About this exercise: In the entries that follow, the lines from the one with "Burgundy GYMSHARK crop leggings" through the one with "Locale Commerciale in" are the ones to write out, exactly and with both ends included. Nothing else should appear.

Exercise materials:
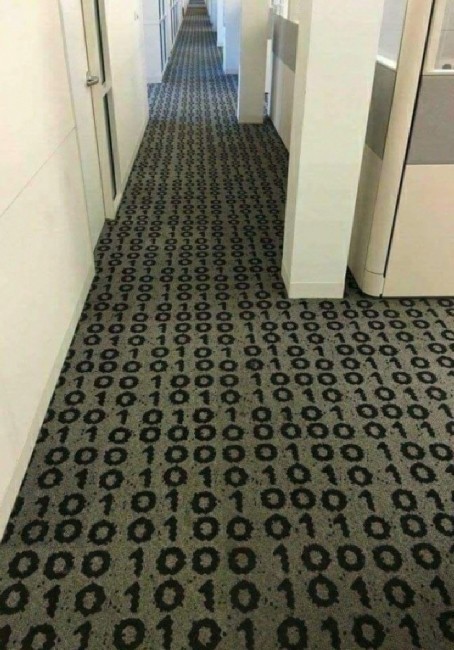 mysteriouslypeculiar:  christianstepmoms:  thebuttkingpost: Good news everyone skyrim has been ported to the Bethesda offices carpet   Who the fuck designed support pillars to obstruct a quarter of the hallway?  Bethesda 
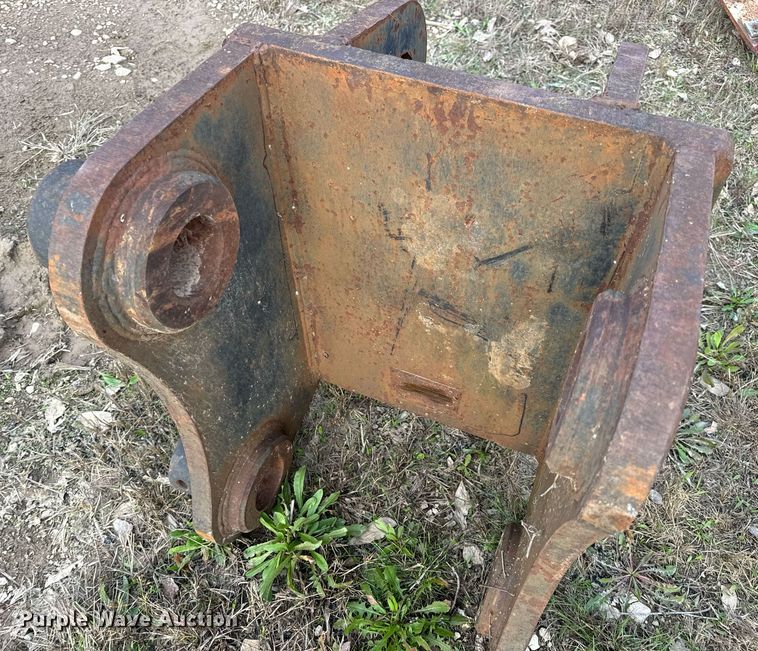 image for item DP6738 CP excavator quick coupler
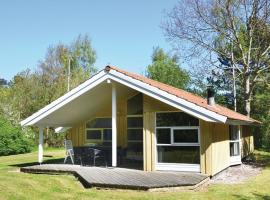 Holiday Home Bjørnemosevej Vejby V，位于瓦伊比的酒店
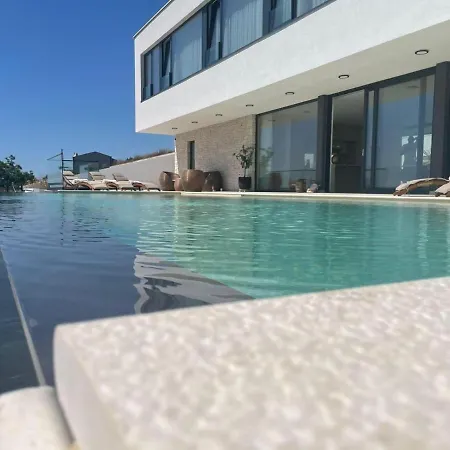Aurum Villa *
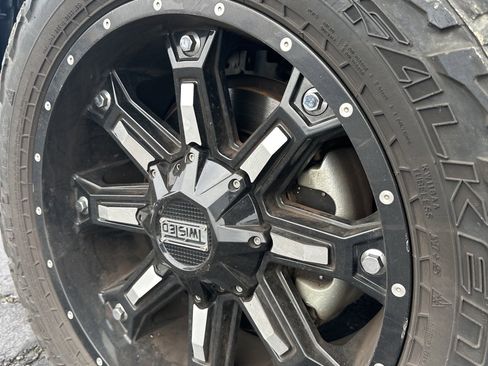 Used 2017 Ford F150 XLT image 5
--
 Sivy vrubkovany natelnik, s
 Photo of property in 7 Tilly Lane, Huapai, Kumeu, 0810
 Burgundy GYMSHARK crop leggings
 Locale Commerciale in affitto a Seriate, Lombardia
==
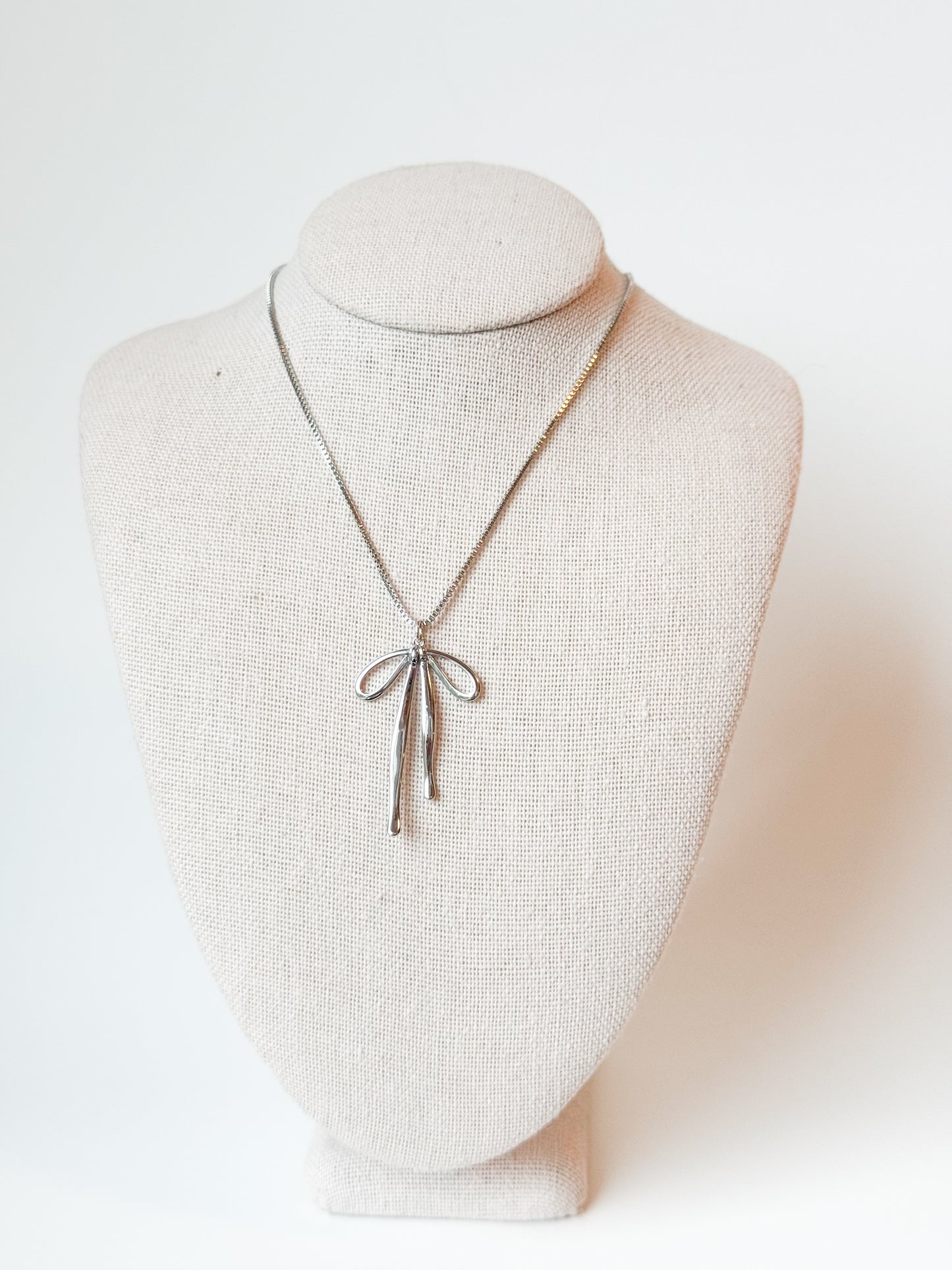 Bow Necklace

Solution to the problem:
 Burgundy GYMSHARK crop leggings
 Locale Commerciale in affitto a Seriate, Lombardia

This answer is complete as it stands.